Here's the same bridge as we crossed over. It was pretty cold the entire trip. Although the rain washed away most of the snow that hit Seattle last week, there was still snow lining the streets in Vancouver and making the side streets dicey. Temperatures hovered in the mid-30s all day.

Sticker shock

So the Westin was Jason's pick since I'd sorta snacked @ home before we left and wasn't super hungry. But when he indicated where we were headed, I was not jazzed. I couldn't quite put my finger on it, but I knew this was not going to be a meal we loved. I seemed to remember an uninspiring or not-worth-the price brunch here a couple years ago when they were in the throes of remodeling.

So I voiced my reservations, which Jason nodded at as his stomach rumbled, but then shut my pie hole as we headed to our seat: in for a dime, in for a dollar, right? My resolve to enjoy the view and sip hot water evaporated when Jason returned with the first of two stacked plates: scrambled eggs, bacon, smoked salmon and oysters, peel & eat shrimp, hash browns, and sausage. Well, one small plate couldn't hurt, could it? ;-) Oh but it could, I'd soon discover.

"Do you know how much brunch is?" I asked Jason, as I got up to hit the buffet tables. "No," he mumbled through a mouthful of sausage and seafood as he reached for his mimosa. Oh well. I snagged a plate and loaded up myself: bacon, smoked salmon & oysters, three kinds of melon, rice salad with raisins and curry flavoring of some sort, mozzarella and sliced tomatoes, and shrimp. As J. looked on derisively ("You ragged on this place all the way in!" "I changed my mind."), I grudgingly acknowledged it was pretty tasty and better than the last time. Not quite full from my serving of crow, I munched away as we lingered over our plates, reading the paper and e-mail.

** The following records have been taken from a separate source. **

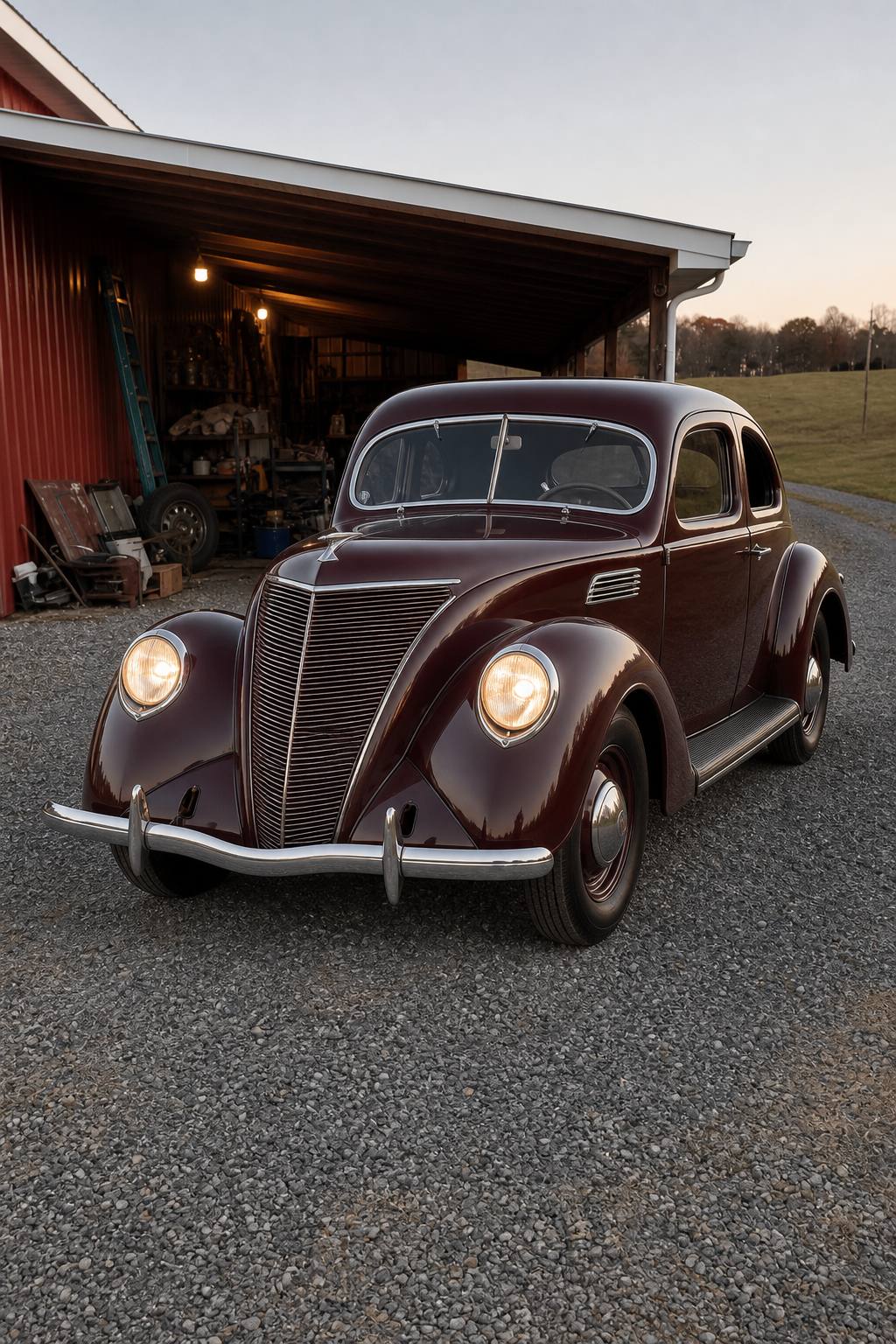 pretty solid 1936 Lincoln Zephyr project AI restoration vision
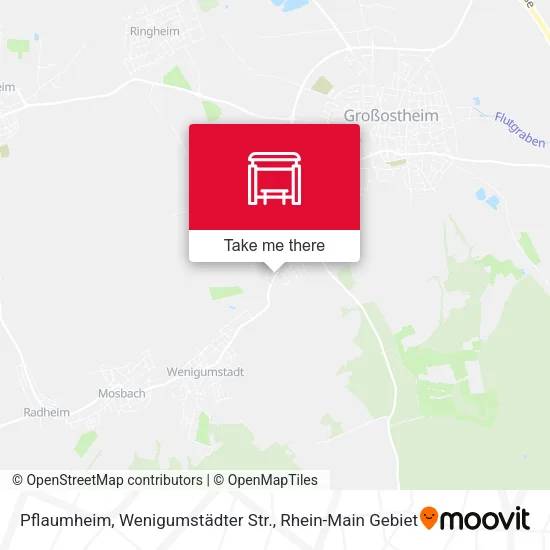 Карта Pflaumheim, Wenigumstädter Str.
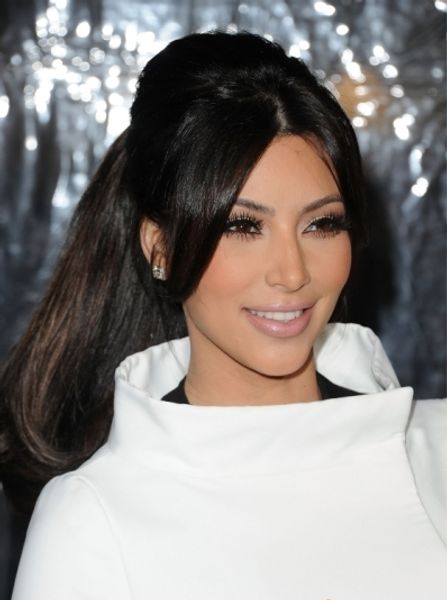 Kim kardashian Rabo Bobby rabo de cavalo cabelo humano clipe em Indian Remy cabelo rabo de cavalo extensões Humanos com cordão dois pentes 140g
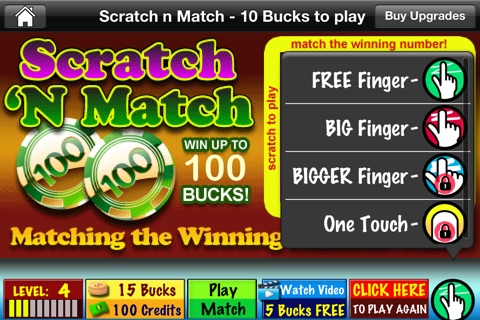 Scratchers - Free Instant Scratch Off Lucky Lottery Tickets screenshot 4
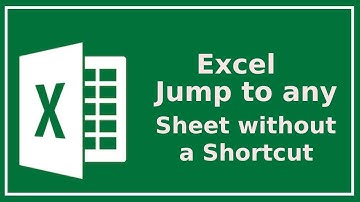 Excel Quick Tip  Jump to Any Sheet with a Shortcut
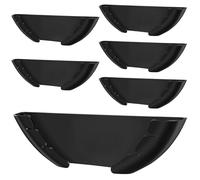 Dedjgoo 6Pcs Universal Pot Lid Organizer Self Adhesive Wall Mounted Pot Lid Holder Pan Lids Organizers Inside Cabinet Door Wall Mount Pots Top for Kitchen Cupboard, Fits 6" to 13" (Black)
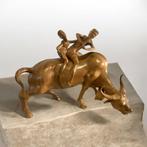 Balinees handgesneden waterbuffel karbouw  sculptuur, Ophalen of Verzenden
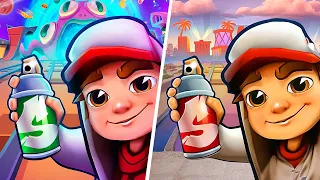 Subway Surfers Cosmic Crossroads VS Subway Surfers Hollywood, Subway Surfers Game New Update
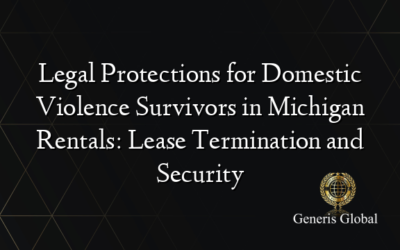 Legal Protections for Domestic Violence Survivors in Michigan Rentals: Lease Termination and Security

Finally, the servers discretely placed our bill on the table. Okay, let's see, two brunches and a mimosa comes to... $83.37 cdn?! J. blinked and called the server over. "Uh, how much is brunch?" "$34.95?" he answered in that statement-with-question-inflection common to Canadians. Add the $8 mimosa and tax and there you have it: $83.97, plus tip to come. Aaaaargh. "Look at it this way," I said to J. after doing currency conversion on my Treo. "It's only $73.35 USD. " :-) He looked only mildly amused.

"And that's the regular price?" J. asked. "Oh sure," said the server. "They don't really jack it up until the holidays? You know: Christmas day, New Year's Day, Mother's Day? That's when it's $69 or $79 per person?" Oh. Well of course.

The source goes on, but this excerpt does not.